Examples of result goals and feeling goals
An example: let’s say my resolution is to lose weight; it’s 3 weeks in; and I’ve lost 1.5 pounds after upping my exercise and eating a little better. That’s not bad, but it’s not very inspiring: it doesn’t really feel like I’m succeeding, just maybe sort of a little on the road to succeeding. I’m putting all my enthusiasm into the idea that some time in the future, I will have achieved something big. In the mean time, which could be a very long time, I don’t have much good news to announce.

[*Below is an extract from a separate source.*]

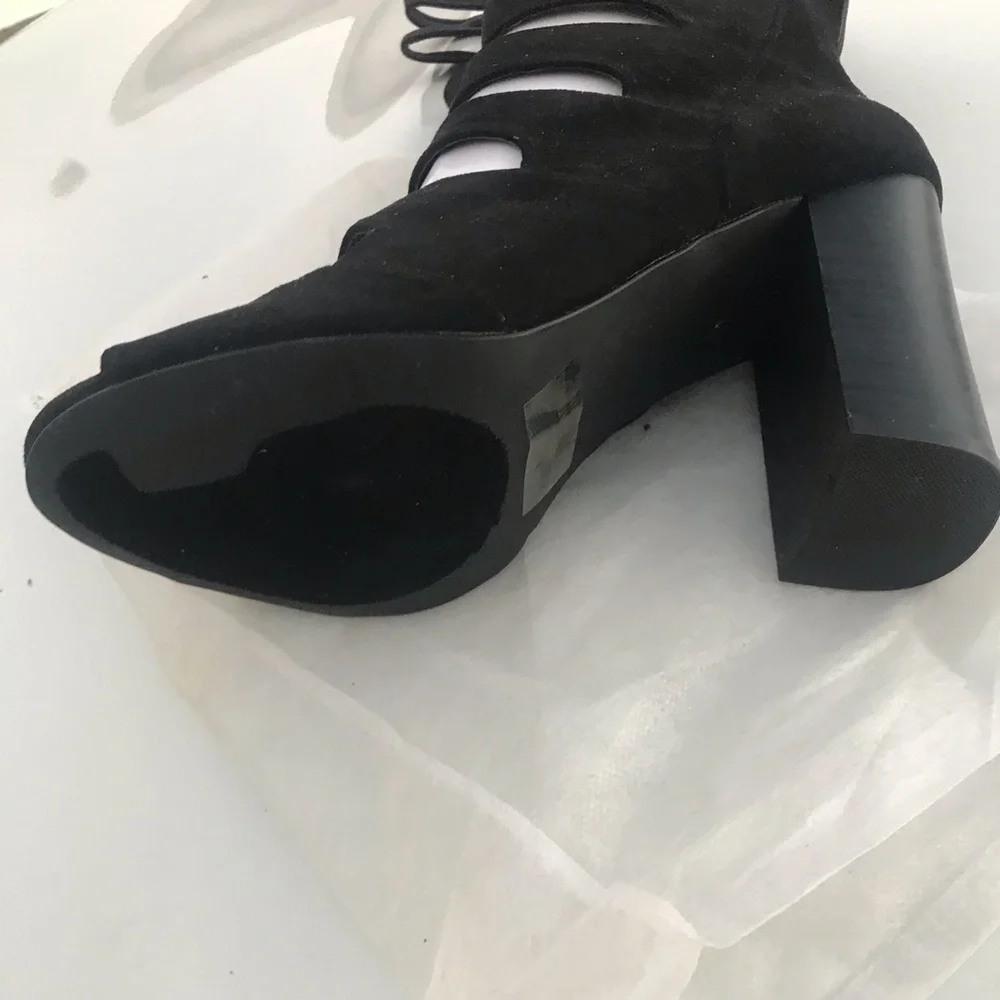 Boots - Picture 2 of 4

If instead, though, my resolution is to feel more fit, then every time I complete an exercise session or choose the better food option, I’ve succeeded. It’s not a big success, but successes don’t have to be big to feel good, and anything that makes us feel good is much more motivating than something that makes us feel like a disappointment, or at best a potential someday-success.

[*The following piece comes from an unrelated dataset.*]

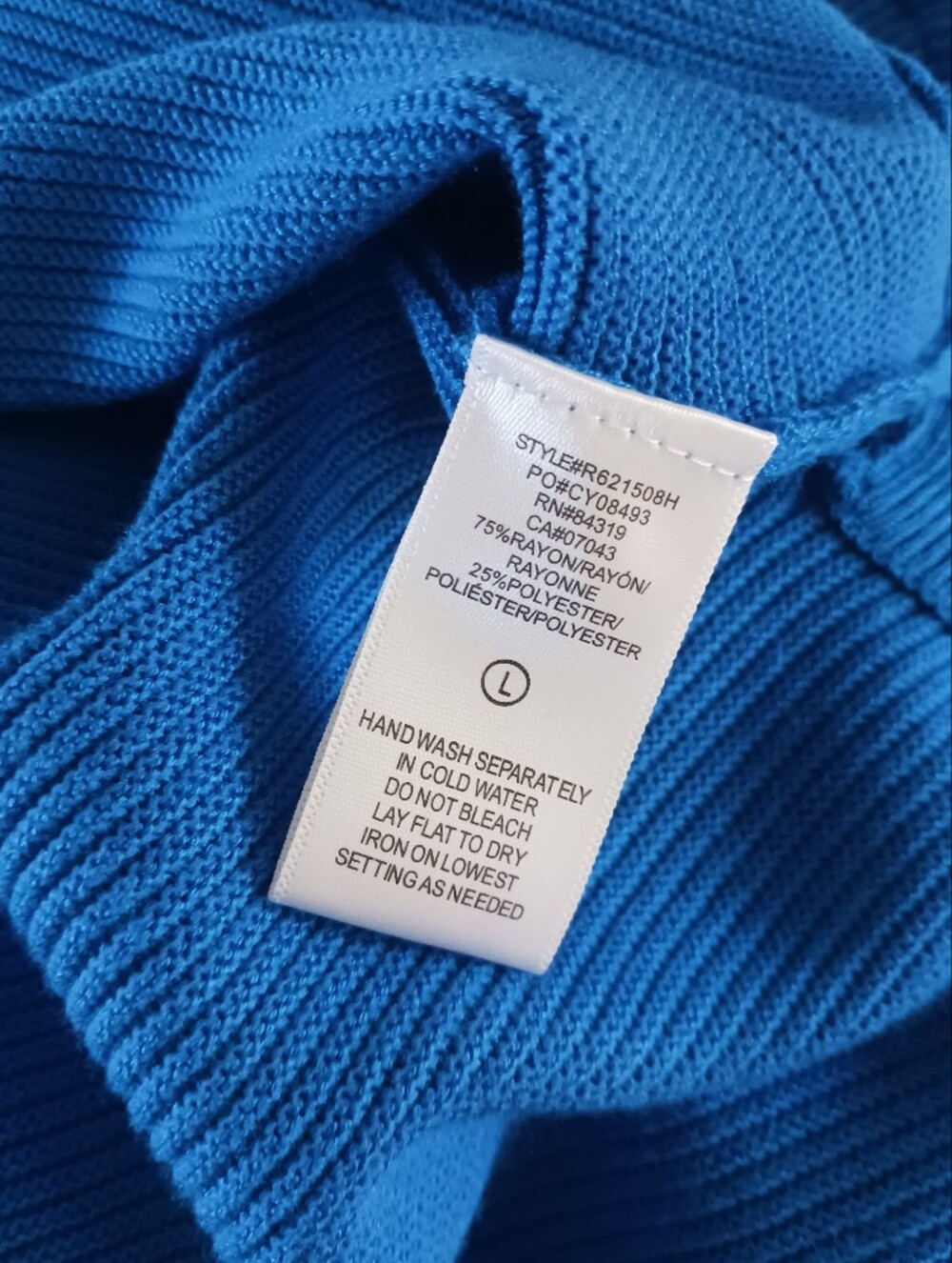 Cyrus The Relaxed V-Neck‎ Ribbed Pullover - Picture 5 of 5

Not affirming affirmations
As much as I like Shen’s post, I had some comments to add for my readers here on a couple of thing he mentions. One is his recommendation of affirmations, which from what I’ve seen of the research are often counter-productive. One problem is that they risk creating broken ideas, and even though an affirmation may create an upbeat falsehood (“I look great and am easy to get along with!”) it’s still a falsehood and has all of the drawbacks a falsehood usually has when we treat it in our own minds as truth.

What’s a “goal,” exactly?
I also find Shen’s distinction between “goals” and “resolutions” potentially confusing, depending on how you think about the words. He defines goals as “external targets that rely substantially on things outside of your immediate control” and talks about “resolutions” as being largely within your control. For what he calls “goals” I tend to use words like “aspirations,” and what he calls “resolutions” I and many other people interested in motivation often refer to as “goals,” for instance in the posts “One Good Way to Judge Goals: S.M.A.R.T.” and “What Kinds of Goals Really Work?” With that said, a lot of people use the word “goals” to mean exactly what he describes, too, and I think the way he talks about using the words makes plenty of sense; it’s different from how the word is used in here and some other places.

Both of us, however, are trying to point out an important distinction that the English-speaking world doesn’t usually make, that of  whether we’re talking about something that we can affect ourselves (like finishing a project) instead of something that to a large extent is outside of our control (like getting a promotion).

One thing at a time
Finally, Shen recommends keeping your goals to no more than 2 or 3 at a time. I haven’t yet come across research to shed more light on the question, but my experience and my inference from some of the literature is that adding only one new goal at a time is generally the way to go. Once you’re well on your way with that one, adding another works much more comfortably. The danger of adding too many at once is that of not having enough attention to spare to focus regularly on any of the goals, so they all fail.

The exception to this would be very simple goals, like drinking more water or making the bed in the morning. It appears that we can tackle several small changes more or less at the same time and still see success.